--- Activity ---
Please copy out every line in the entries that includes the word "from".

☆ ☆ ☆

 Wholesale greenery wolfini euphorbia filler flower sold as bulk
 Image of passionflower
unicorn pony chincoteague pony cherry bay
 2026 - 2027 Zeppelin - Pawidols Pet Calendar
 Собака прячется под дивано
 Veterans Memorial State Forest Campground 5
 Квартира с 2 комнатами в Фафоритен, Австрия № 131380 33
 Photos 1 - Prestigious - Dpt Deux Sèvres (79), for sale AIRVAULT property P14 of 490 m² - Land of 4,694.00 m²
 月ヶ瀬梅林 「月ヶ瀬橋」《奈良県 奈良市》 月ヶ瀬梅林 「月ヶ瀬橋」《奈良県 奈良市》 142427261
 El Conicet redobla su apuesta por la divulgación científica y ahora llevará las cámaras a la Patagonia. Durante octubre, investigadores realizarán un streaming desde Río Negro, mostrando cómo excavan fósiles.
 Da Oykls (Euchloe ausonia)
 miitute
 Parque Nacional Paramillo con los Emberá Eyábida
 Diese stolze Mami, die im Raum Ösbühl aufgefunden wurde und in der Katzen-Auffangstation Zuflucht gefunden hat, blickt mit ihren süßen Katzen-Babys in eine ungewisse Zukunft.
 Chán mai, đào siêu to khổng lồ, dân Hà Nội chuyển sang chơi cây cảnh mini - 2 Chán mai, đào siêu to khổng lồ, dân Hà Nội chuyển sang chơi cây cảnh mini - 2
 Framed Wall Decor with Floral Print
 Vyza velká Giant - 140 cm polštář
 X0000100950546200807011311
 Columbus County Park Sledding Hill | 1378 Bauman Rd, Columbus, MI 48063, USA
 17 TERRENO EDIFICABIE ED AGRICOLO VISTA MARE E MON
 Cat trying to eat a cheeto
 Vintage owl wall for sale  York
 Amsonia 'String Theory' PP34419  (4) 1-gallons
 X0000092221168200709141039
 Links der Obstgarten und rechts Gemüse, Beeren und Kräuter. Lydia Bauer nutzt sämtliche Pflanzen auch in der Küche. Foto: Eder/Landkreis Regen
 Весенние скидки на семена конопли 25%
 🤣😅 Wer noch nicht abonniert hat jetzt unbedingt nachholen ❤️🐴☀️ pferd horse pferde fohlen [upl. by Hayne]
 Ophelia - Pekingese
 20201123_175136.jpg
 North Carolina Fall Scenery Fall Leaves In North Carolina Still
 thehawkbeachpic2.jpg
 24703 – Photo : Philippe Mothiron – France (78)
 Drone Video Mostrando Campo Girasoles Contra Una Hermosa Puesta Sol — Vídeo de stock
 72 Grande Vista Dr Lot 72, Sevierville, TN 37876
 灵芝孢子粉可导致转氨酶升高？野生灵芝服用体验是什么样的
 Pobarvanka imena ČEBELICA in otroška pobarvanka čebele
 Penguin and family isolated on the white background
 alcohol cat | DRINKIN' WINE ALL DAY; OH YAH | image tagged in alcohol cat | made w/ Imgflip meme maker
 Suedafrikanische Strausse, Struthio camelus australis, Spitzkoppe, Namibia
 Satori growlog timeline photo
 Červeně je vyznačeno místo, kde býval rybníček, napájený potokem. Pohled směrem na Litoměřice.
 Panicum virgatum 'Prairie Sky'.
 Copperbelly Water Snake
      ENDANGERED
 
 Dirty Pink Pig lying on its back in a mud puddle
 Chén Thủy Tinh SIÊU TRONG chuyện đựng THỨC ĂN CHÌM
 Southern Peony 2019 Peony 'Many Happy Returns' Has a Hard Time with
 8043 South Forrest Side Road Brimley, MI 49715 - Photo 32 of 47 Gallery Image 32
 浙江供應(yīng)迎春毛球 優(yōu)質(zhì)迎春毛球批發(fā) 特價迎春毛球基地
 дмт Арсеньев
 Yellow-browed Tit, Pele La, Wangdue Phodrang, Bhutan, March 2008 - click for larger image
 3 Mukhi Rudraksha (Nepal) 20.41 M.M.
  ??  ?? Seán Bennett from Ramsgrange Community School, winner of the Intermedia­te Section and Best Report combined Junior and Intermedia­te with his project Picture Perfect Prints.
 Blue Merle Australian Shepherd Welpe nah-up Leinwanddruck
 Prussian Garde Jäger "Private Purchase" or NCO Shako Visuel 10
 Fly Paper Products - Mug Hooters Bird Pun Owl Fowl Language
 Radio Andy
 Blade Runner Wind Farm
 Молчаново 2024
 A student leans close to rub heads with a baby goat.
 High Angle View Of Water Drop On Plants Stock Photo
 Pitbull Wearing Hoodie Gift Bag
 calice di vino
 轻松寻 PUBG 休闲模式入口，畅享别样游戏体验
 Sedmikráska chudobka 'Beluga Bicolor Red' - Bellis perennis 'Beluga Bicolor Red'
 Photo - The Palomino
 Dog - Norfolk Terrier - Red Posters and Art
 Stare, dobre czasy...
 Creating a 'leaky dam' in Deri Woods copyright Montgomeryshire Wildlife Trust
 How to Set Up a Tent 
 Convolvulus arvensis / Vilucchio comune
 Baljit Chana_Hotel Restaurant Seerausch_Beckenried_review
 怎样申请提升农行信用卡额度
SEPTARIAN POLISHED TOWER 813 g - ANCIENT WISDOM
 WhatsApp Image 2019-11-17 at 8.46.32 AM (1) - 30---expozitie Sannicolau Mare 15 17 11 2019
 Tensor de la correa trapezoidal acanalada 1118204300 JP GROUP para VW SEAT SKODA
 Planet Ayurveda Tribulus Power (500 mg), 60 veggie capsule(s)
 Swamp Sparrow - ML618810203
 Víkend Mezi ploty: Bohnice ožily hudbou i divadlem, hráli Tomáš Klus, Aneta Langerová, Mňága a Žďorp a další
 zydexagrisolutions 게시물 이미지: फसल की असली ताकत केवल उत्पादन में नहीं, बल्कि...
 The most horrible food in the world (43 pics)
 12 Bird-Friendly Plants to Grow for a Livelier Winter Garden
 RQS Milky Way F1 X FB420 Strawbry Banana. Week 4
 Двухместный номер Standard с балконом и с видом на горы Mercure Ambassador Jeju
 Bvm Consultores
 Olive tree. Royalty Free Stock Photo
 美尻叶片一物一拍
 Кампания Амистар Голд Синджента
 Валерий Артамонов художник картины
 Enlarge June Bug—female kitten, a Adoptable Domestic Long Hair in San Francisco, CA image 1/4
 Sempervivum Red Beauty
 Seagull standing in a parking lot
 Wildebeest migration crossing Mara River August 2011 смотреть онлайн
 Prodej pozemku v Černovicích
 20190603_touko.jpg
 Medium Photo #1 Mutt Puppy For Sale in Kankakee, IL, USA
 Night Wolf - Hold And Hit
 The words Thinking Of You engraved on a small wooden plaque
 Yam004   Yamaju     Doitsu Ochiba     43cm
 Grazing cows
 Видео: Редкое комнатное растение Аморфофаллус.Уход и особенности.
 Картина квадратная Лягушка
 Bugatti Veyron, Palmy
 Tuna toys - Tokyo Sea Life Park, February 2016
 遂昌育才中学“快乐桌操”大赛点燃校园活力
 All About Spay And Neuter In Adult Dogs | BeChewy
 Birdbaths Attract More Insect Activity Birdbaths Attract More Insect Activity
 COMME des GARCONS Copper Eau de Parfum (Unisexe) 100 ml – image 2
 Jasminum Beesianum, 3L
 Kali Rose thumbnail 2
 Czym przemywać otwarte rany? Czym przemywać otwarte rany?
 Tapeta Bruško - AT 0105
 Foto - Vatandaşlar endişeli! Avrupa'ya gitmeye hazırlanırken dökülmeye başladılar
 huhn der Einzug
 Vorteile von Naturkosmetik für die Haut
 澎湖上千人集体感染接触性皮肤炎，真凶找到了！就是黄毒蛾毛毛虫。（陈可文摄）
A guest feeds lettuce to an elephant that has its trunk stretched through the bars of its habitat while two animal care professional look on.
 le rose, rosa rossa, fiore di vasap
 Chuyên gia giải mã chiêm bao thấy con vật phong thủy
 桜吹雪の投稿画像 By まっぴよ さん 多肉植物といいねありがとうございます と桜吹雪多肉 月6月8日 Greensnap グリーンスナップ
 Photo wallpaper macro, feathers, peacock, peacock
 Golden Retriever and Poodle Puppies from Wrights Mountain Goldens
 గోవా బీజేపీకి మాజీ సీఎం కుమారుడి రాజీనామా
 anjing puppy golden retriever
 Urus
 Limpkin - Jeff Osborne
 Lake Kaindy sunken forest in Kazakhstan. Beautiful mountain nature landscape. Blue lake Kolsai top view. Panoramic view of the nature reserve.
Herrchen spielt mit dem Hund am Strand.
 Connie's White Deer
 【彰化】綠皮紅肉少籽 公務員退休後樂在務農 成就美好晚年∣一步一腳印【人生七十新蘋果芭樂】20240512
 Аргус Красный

☆ ☆ ☆

--- Task result ---
  ??  ?? Seán Bennett from Ramsgrange Community School, winner of the Intermedia­te Section and Best Report combined Junior and Intermedia­te with his project Picture Perfect Prints.
 Golden Retriever and Poodle Puppies from Wrights Mountain Goldens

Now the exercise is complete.